Actual Incurred Cost (AIC) Rates
After the fiscal year end, ICE spreadsheets are supported by the general ledger; the general ledger is supported by source documents (such as vendor bills and timesheets). If actual ICE rates are lower than provisional/projected rates, cost reimbursements are adjusted; if actual ICE rates are higher, negotiations with the Contracting Officer might recoup under-invoiced cost reimbursements.
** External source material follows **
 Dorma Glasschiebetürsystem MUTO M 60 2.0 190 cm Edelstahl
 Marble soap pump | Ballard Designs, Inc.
Department of Defense Contracts
For organizations that hold U.S. Government contracts of very large dollar values, the Defense Contract Management Agency (DCMA) or other government administrator typically negotiates Provisional Rates, often called forward pricing rates. DCMA requests that the DCAA evaluate contractor-proposed indirect rates based on the ICE model. Provisional rates are consistently used in proposals and invoices. For cost-type contracts, AIC is audited after the end of each fiscal year for the contractor; cost-type contracts remain open until differences between provisional and actual indirect rates can be calculated and payment/re-payment settled. The government administrator, not the contractor, determines whether negotiation of projected rates is cost-effective for the government. Indirect rates are unique for each organization, but consistently accumulate multiple-contract costs in a pool divided by a causal or beneficial basis.